The start of the new financial year (2012-13) will mean several changes on the tax front that will require a different kind of response from the individual tax payer. The Union Budget has proposed that there should be a deduction available to interest on savings bank account.

This will become applicable if the Union Budget is passed by Parliament. This has the potential of ensuring a big amount of relief for the tax payers on the procedural front so it is necessary to look closely at the exact features to see how they can actually be beneficial for the investor.

Just savings deposits

The first part of the benefit of the deduction is that this will not be available for time deposits so your fixed deposit interest with the various banks will not be covered under this deduction. Even recurring deposit interest will not be a beneficiary under this deduction.

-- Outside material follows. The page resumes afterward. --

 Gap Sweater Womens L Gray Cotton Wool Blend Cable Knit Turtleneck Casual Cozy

This is a clear way of ensuring that only those deposits that are lying in the savings accounts would get the deduction benefit on the interest earned. This clearly defines the scope of the benefit but it is not something that should worry the individual because this is an additional or extra that they are getting from the existing situation and they should be looking towards making the best use of it.

Amount of deduction

The extent of the deduction that has been proposed is that this will be available till a sum of Rs 10,000 in a year which means that the interest earned till this figure would be deducted from the taxable income. This figure becomes the upper limit for the benefit. This means that even amounts that are lower than this figure would be allowed the benefit of the deduction.

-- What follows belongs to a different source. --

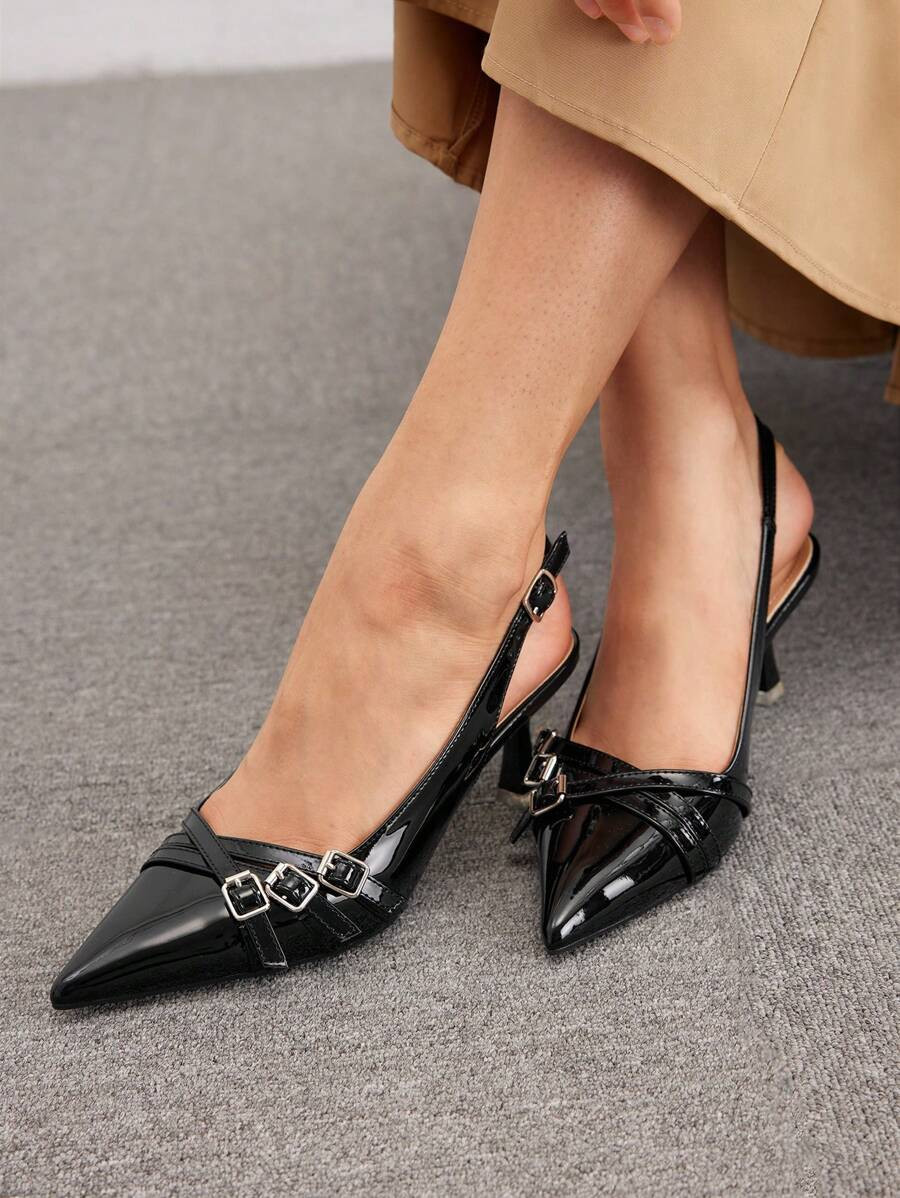 CUCCOO BIZCHIC Women's Fashion Solid Color Buckle Design High Heel Shoes Elegant Basics Business ... | SHEIN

It does not necessarily have to be that the investor should make the full use of the limit but they can use it till the extent that they have income from their savings accounts so while someone could have a larger amount like Rs 8,000 here others would have a small amount of just a few hundred rupees but all of them can ensure that the interest earned does not become taxable.

Deposits with specified institutions

It is also clarified that the savings bank deposits present with specific institutions will be eligible for the benefit. This will cover a bank to which the Banking Regulation Act is applicable so all the banks that most people bank with and where the investors have a savings bank account would be covered by the benefit.

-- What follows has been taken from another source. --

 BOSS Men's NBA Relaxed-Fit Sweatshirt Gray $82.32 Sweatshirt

The second is that a co-operative society engaged in the business of banking would be covered and this will bring into the picture all the co-op banks where the depositors have their money. Finally even the post office savings bank is covered so this will extend to this area also and hence on the whole all these areas where an individual might have gone and put opened a savings bank account would be covered by the benefits.

Strategy

There should be a clear strategy that is adopted by individual who would want to maximise their benefits.  Now there are banks that are offering rates of 6% and 7% on the savings bank accounts and hence if individuals want to use the full amount of Rs 10,000 on this area then they should keep some amounts in these savings accounts so that the savings bank interest earnings go up.

Those who are in the 30% tax bracket can actually afford to do such a thing because otherwise if they have a fixed deposit at 9% then the earnings after tax would come down to 6.3% plus the amount would be locked in for the specified time period of the deposit.

In such a situation if they are able to direct their investments towards higher earning savings bank accounts to use as much of the available limit as possible then this should be done. For others they can continue with their planning normally and use up the limit till which they have earnings from the savings bank account.